How I am using it in my classroom
So here is how I am using it in my classroom and how I am grading the students work…
- Lynda.com is huge and I don’t suggest just turning the students loose and having them find their own course. I have reviewed a number of courses, and chose eight courses I want my students to take this spring. We may only have time for six, and I am allowing the students to take the courses that interest them most and are most appropriate for their skill level. The courses I have chosen include beginning and intermediate photography, beginning and intermediate photoshop, beginning design, beginning graphic arts, and one on typography because I thought it looked cool.
- I used Helen Murdoch’s Google doc to include lynda.com as a resource, and got all my students to create their lynda.com accounts.
- I went into my EDU configuration settings and changed my course from being “instructor” to “self-paced.” This will allow my students to take the courses in any order and at their own pace.
- Then in EDU/NEO I created a unit for each course. In the unit description, I stated the name of the lynda.com course, the instructor, and the description of the course and the topics covered so that my students could decide which order to take the different courses and which course was right for them. I copied the url link of the lynda.com course and put it in my EDU unit description so that the students can easily find the lynda.com course by clicking on the link.
- Finally, I made three essay assignments in each unit. The assignments ask the students to watch 20-25 minutes of the lynda.com course, practice for 20 minutes and then in the EDU/NEO essay assignment, to write about three things they learned from the course on that day. At the end of the day, I simply go into EDU and read their essay assignment and grade their work.

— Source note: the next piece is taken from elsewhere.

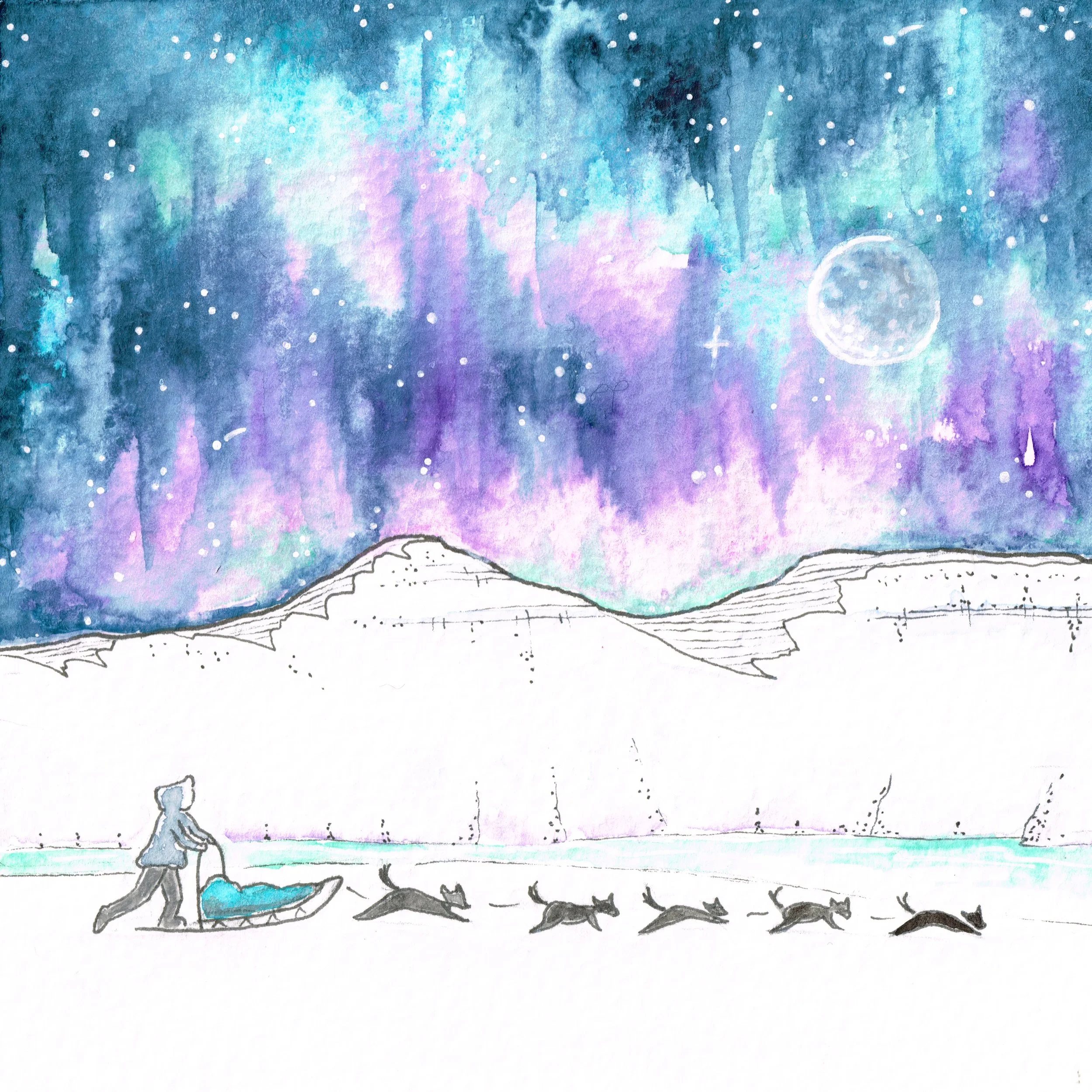 dog sled greeting card.jpeg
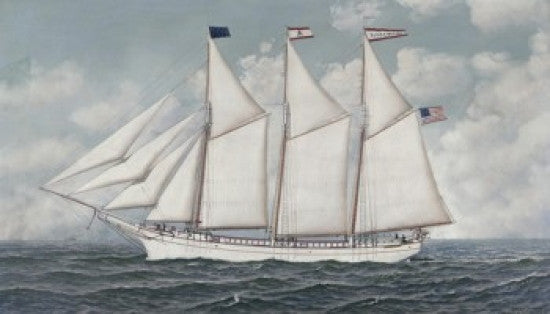 Schooner Elsie Bayless Fine Art Print by Antonio Jacobsen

Because I have made my class self-paced, the students can be in any unit at any time. If you do not want to make your EDU class self-paced, then simply just make separate assignments for each time they spend watching a course. And there are other creative ways you can assess their learning. You can have them create a product using the skills they acquired by watching the course. They can create movie reviews of the course that specifically demonstrates what they have learned. They can create a pamphlete or brochure that promotes the course, and many other ways to assess their learning. You can even give them course completing certificates when they demonstrate and put new skills into practice.
Welcome to the 21st Century
I am so thankful that our district has moved forward with technology innovation in the classroom, and I am thankful to work with students who do not fear or worry about new technology, but rather embrace new and innovative ways to learn. And I am thankful for sites like lynda.com that our students can utilize to learn 21st Century skills- skills that I am only just beginning to learn myself. Lynda.com is a fabulous site that will give our students the tools that will propel them into great careers in the future, and I hope you give it a try with your students as well.